### Source data
------

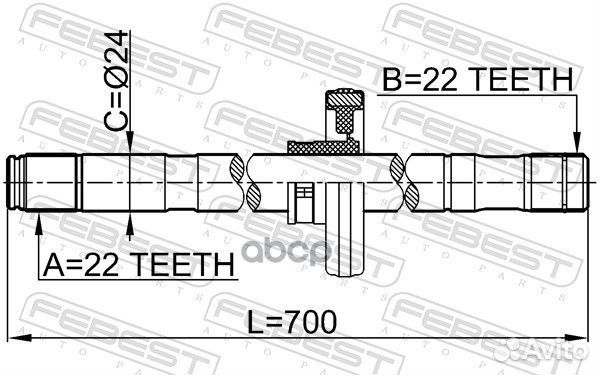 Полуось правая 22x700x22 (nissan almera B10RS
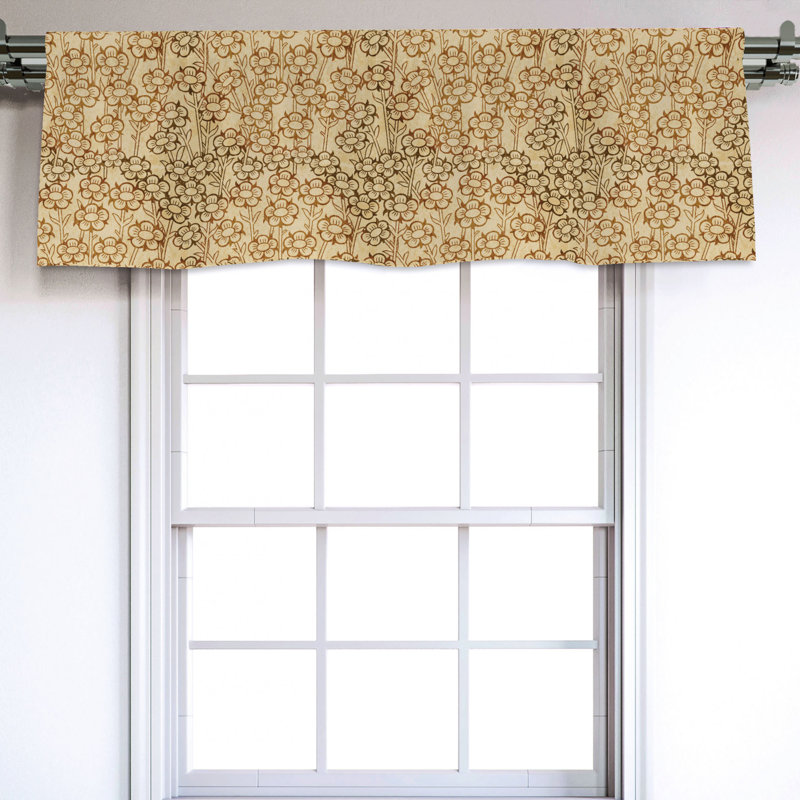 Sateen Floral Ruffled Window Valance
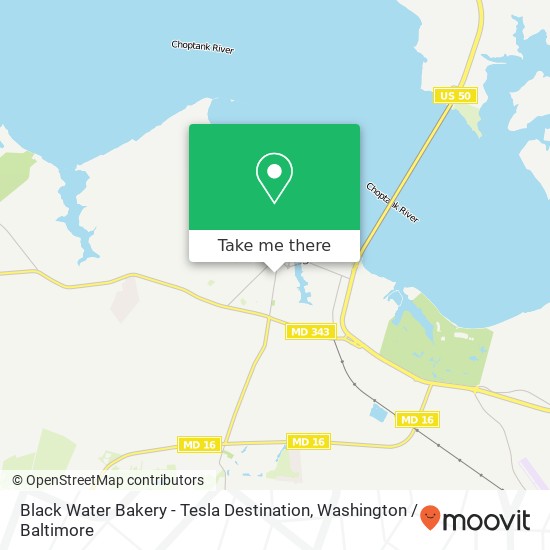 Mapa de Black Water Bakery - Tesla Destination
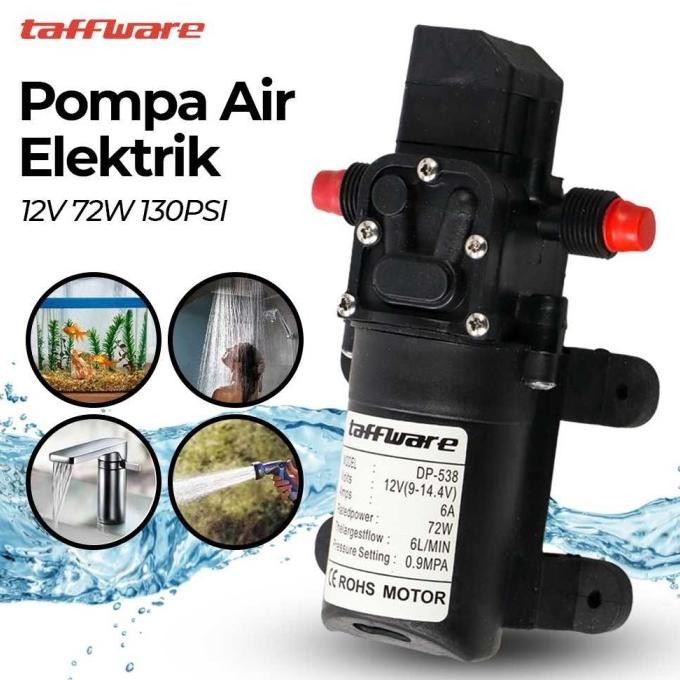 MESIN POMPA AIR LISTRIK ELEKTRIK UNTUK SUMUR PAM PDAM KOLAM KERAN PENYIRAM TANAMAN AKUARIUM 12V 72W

------

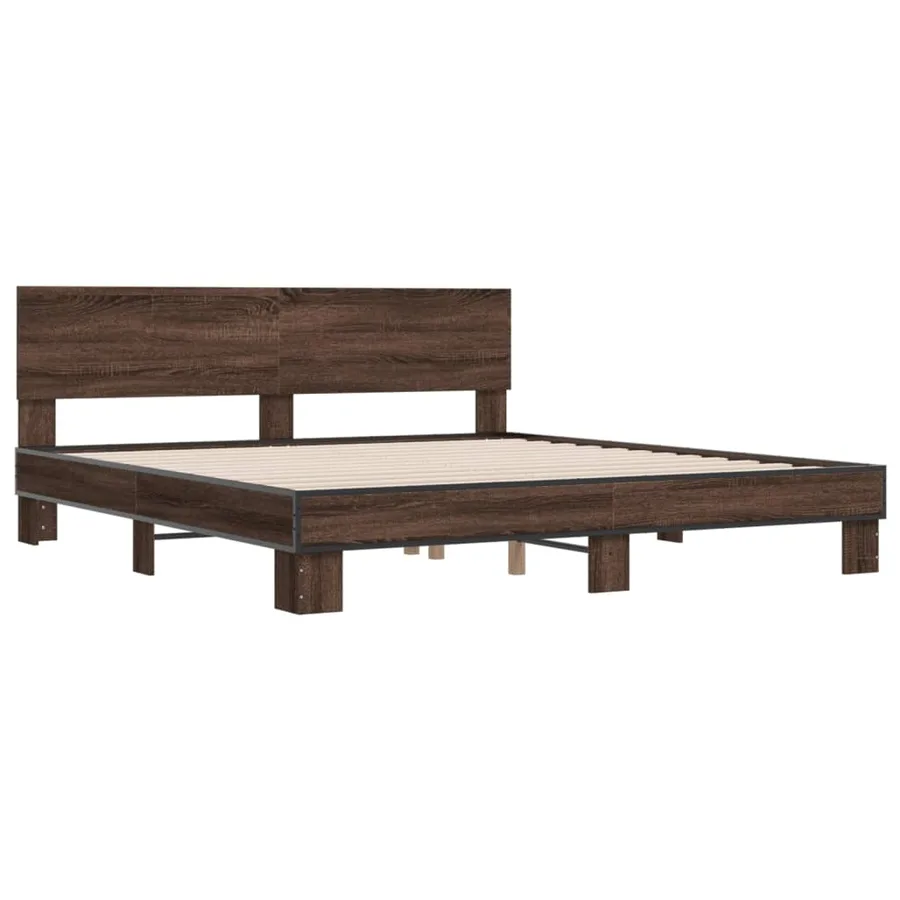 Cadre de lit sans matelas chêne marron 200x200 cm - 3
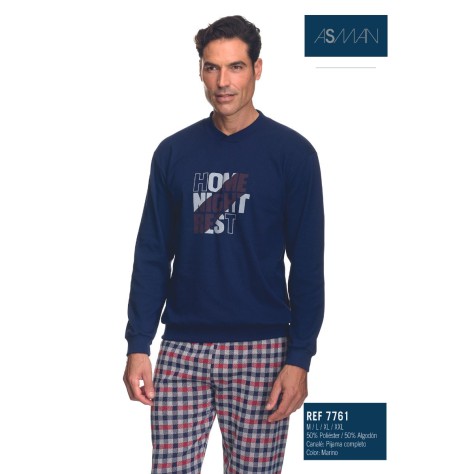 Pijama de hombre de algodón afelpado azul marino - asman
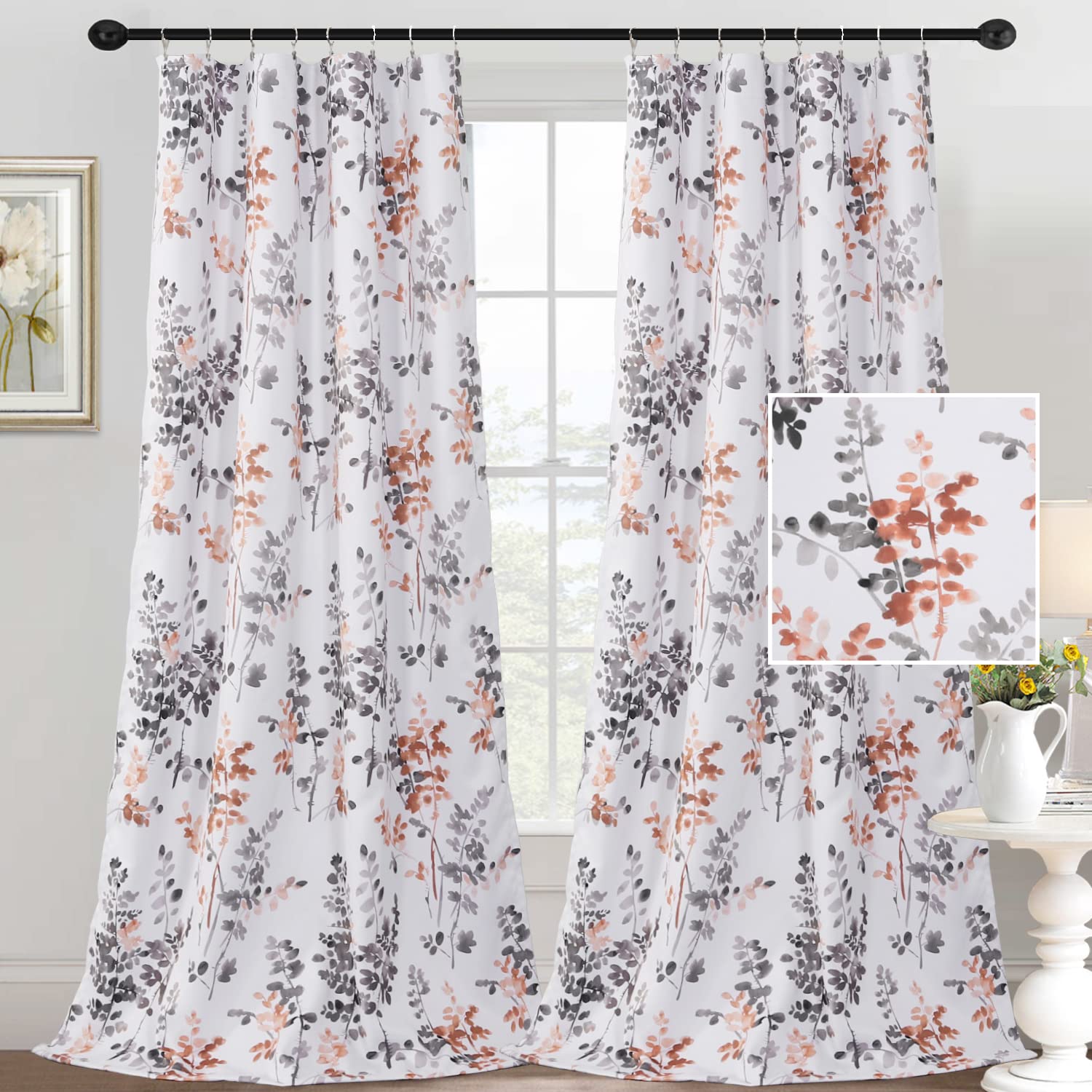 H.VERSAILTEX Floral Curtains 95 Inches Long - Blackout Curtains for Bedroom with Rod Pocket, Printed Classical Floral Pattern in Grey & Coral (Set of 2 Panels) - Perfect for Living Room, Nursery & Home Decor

------

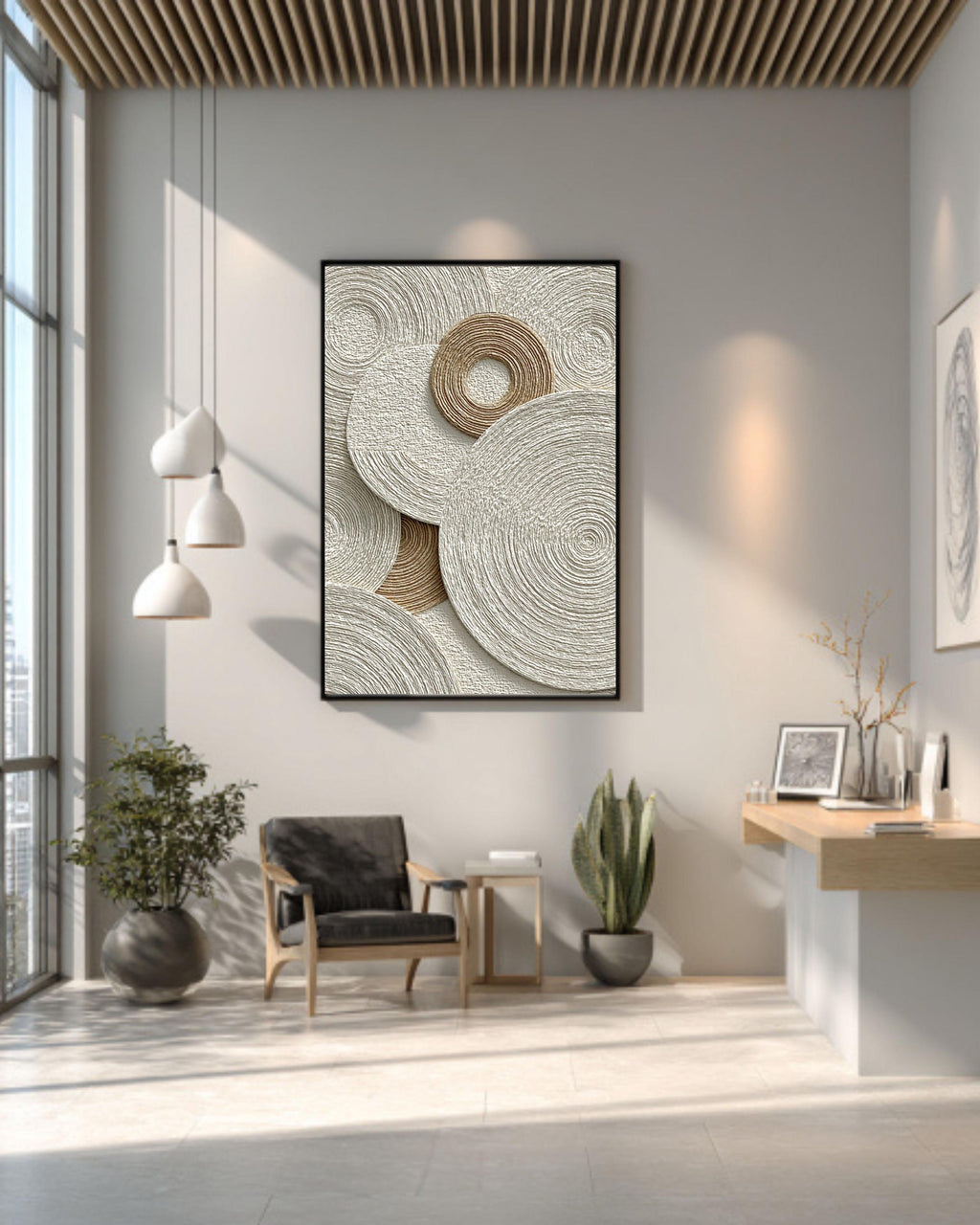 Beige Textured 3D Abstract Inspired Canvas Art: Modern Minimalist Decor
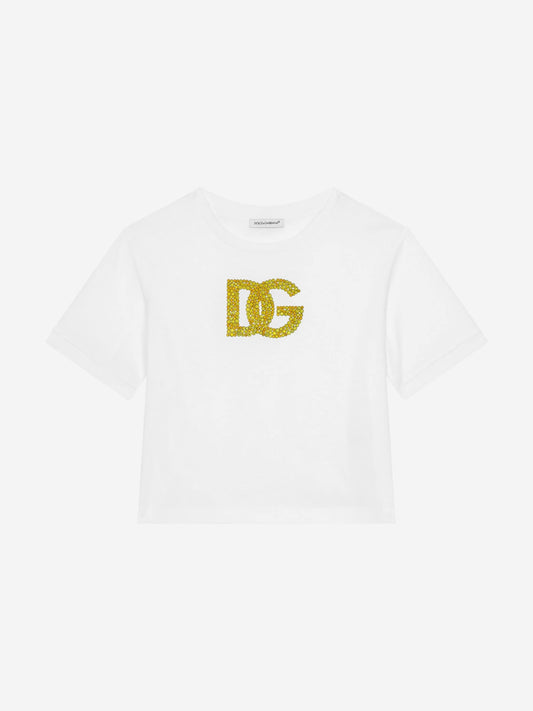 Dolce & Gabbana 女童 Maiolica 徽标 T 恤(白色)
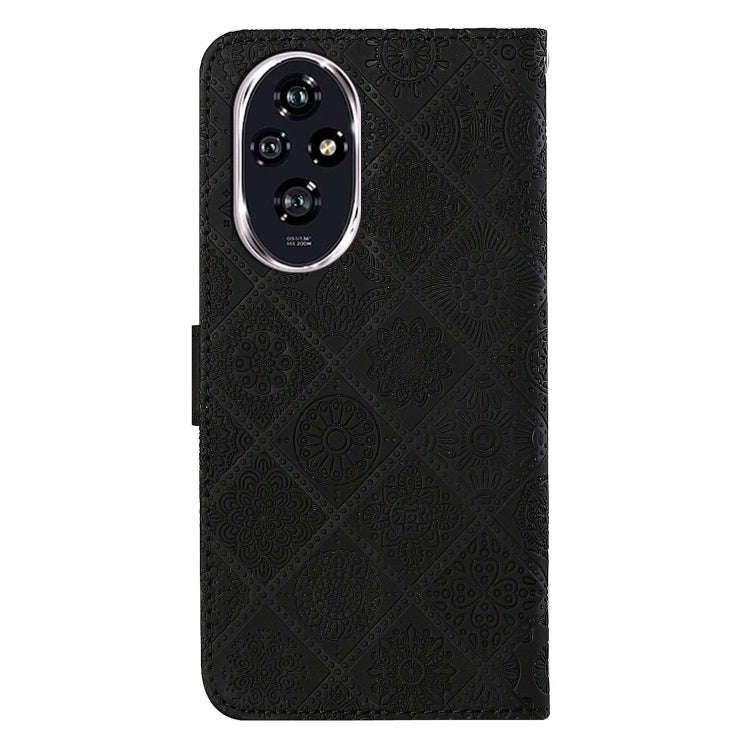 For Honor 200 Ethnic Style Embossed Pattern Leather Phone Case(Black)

------

### What the exercise asks
Lines from the one above containing "Полуось правая 22x700x22" down to the one containing "MESIN POMPA AIR" should be transcribed exactly, with both ends kept and no pictures.

### Expected answer
 Полуось правая 22x700x22 (nissan almera B10RS
 Sateen Floral Ruffled Window Valance
 Mapa de Black Water Bakery - Tesla Destination
 MESIN POMPA AIR LISTRIK ELEKTRIK UNTUK SUMUR PAM PDAM KOLAM KERAN PENYIRAM TANAMAN AKUARIUM 12V 72W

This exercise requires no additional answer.